Sunday, December 12, 2010
Wednesday, December 8, 2010
These four months, according to the authentic traditions are the months of Zulqadah, Zulhijjah, Muharram and Rajab. All the commentators of the Holy Quran are unanimous on this point, because the Holy Prophet in his sermon on the occasion of his last Hajj, has declared:
"One year consists of twelve months, of which four are sanctified months, three of them are in sequence; Zulqadah, Zulhijjah, Muharram, and the fourth is Rajab."
The specific mention of these four months does not mean that any other month has no sanctity, because the month of Ramadan is admittedly the most sanctified month in the year.

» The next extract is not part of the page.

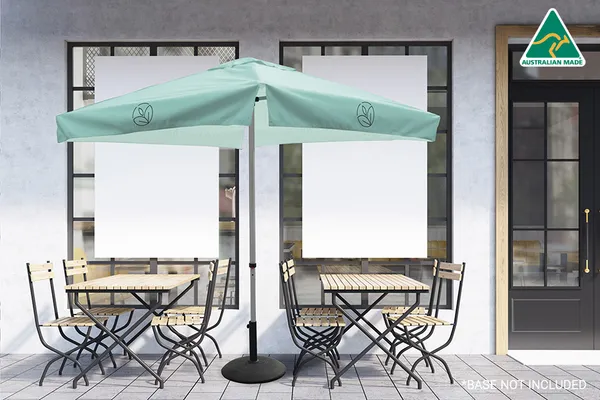 Printed Market Umbrellas 6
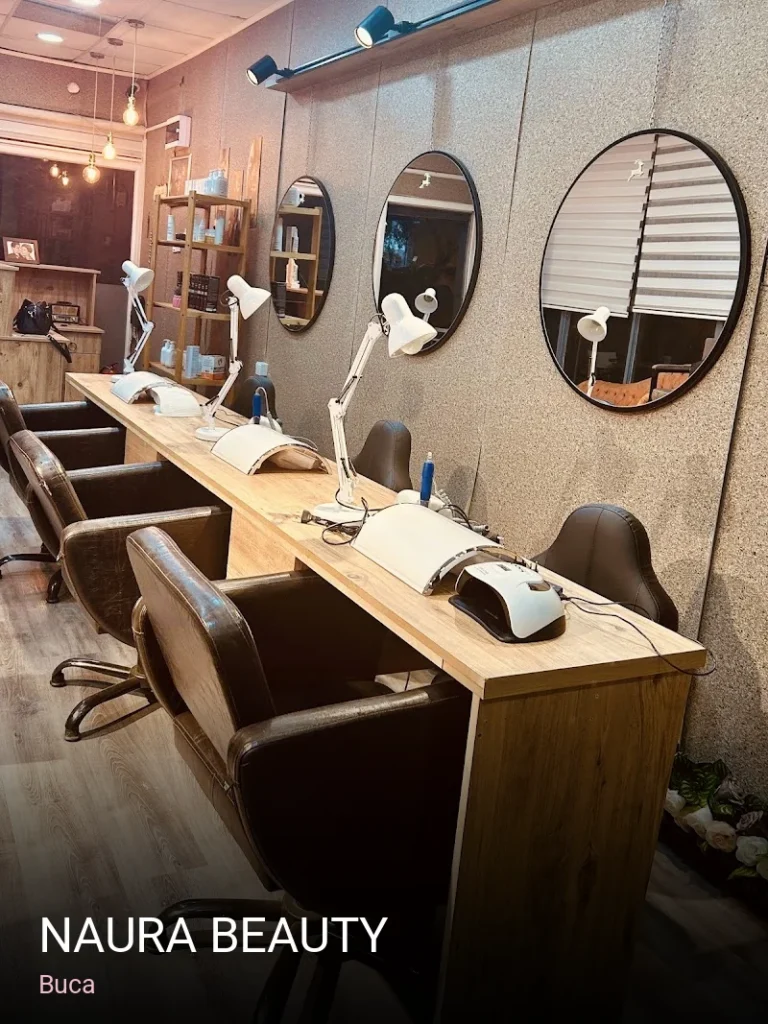 Buca Naura Beauty | İzmir Buca | Protez Tırnak Kalıcı Oje Nailart Studio — Manikür, Pedikür, Cilt Bakımı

But these four months were specifically termed as sanctified months for the simple reason that their sanctity was accepted even by the pagans of Makkah.
In fact, every month, out of the twelve, is originally equal to the other, and there is no inherent sanctity, which may be attributed to one of them in comparison to other months. When Allah Almighty chooses a particular time for His special blessings, then it acquires sanctity out of His grace.
Thus, the sanctity of these four months was recognized right from the days of Sayyidina Ibrahim. Since the Pagans of Makkah attributed themselves to Sayyidina Ibrahim they observed the sanctity of these four months and despite their frequent tribal battles, they held it unlawful to fight in these months.
In the Shariah of our Holy Prophet the sanctity of these months was upheld and the Holy Quran referred to them as the "sanctified months".
The month of Muharram has certain other characteristics peculiar to it, which are specified below.
Fasting during the month
The Holy Prophet has said:
"The best fasts after the fasts of Ramadan are those of the month of Muharram."
Although the fasts of the month of Muharram are not obligatory, yet, the one who fasts in these days out of his own will and choice is entitled to a great reward by Allah Almighty. The Hadith cited above signifies that the fasts of the month of Muharram are most reward-able ones among the Nafl fasts i.e. the fasts one observes out of his own choice without being obligatory on him.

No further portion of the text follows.